In der Botanik werden die sogenannten Kryptogamen auch „niedere“ Pflanzen genannt, da sie sich nicht durch einen komplexen Samen vermehren und im Vergleich zu den „höheren“ Pflanzen aus nur wenigen unterschiedlichen Zelltypen bestehen. Eine sehr bekannte Gruppe sind die Moose, deren Besonderheiten erst bei genauem Hinschauen auffallen.

Moospflanzen kommen immer in Gruppen vor

Die meisten Arten der Horn-, Leber- oder Laubmoose erreichen Wuchshöhen von nur wenigen Zentimetern. Ein Moospflänzchen wächst nie solitär an einem Standort, sondern kommt immer in Gruppen vor, die als Rasen, Decken und Polster bezeichnet werden.

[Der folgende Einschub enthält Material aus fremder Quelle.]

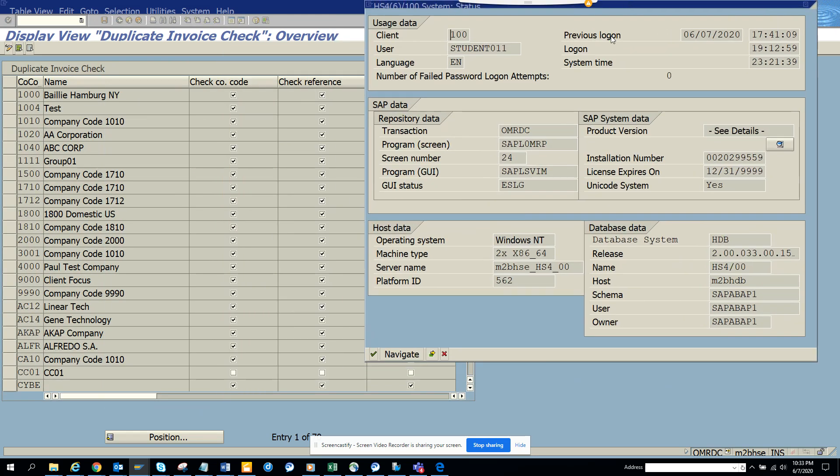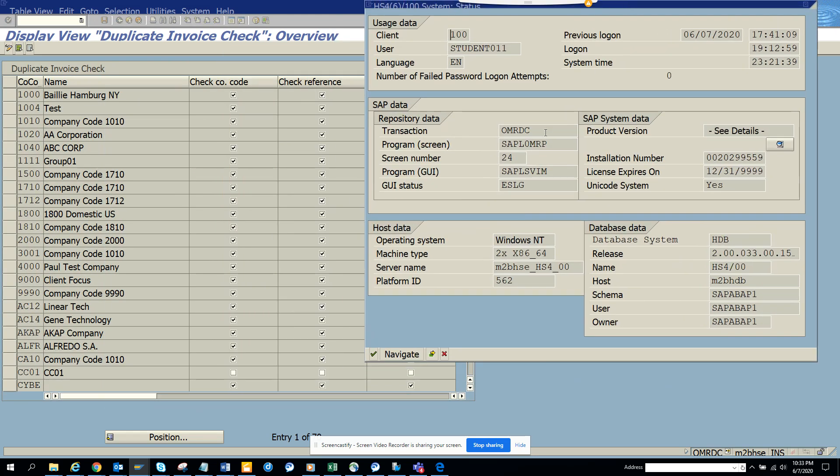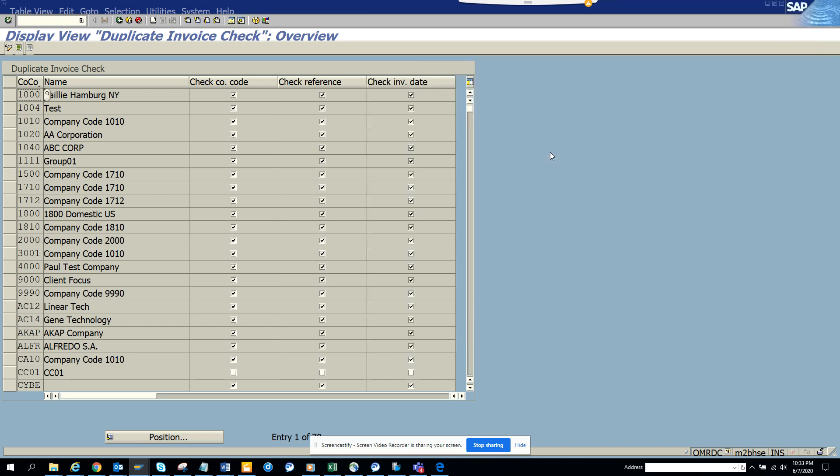And this is the transaction code OMRDC, very important. So here you can put different specifications for when you are going to check duplicate invoice check. You can say whether it's company code, reference number, and invoice date based on that.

Die Mooswelt ist besonders vielfältig im Bereich von kühl-feuchten Habitaten, die von größeren Pflanzen gemieden werden. Fundamentales Unterscheidungsmerkmal zu den Samenpflanzen, zu denen die Bäume und Sträucher, Blumen und Gräser gehören, ist ihre spezifische Vermehrung durch Sporen.

Sogar im Diskurs über umweltrelevante Themen finden die Moose wenig Beachtung. Nur selten werden sie als Zeigerpflanze im Rasen für sauren Boden erwähnt.   Mooskundler der alten Schule beschwören um so eifriger die allgemeine Beliebtheit dieser Gruppe von Landpflanzen. Selbstbewusst behauptet der Autor des „Buch der Moose“, Herbert Weymar, im Jahre 1962 über sein Werk: „Der Zweck, den Anfänger zu verführen, sich mit der Kleinwelt der Moose zu beschäftigen und dabei die Freude an den zierlichen Kindern Floras zu wecken, ist gewiß damit erreicht worden.“

Der Botaniker Ruprecht Düll war überzeugt, dass „kaum ein Pflanzenfreund sich dem Zauber dieser verhältnismäßig kleinen, aber doch sehr vielfältig gestalteten und ästhetisch sehr reizvollen Gewächse entziehen kann“.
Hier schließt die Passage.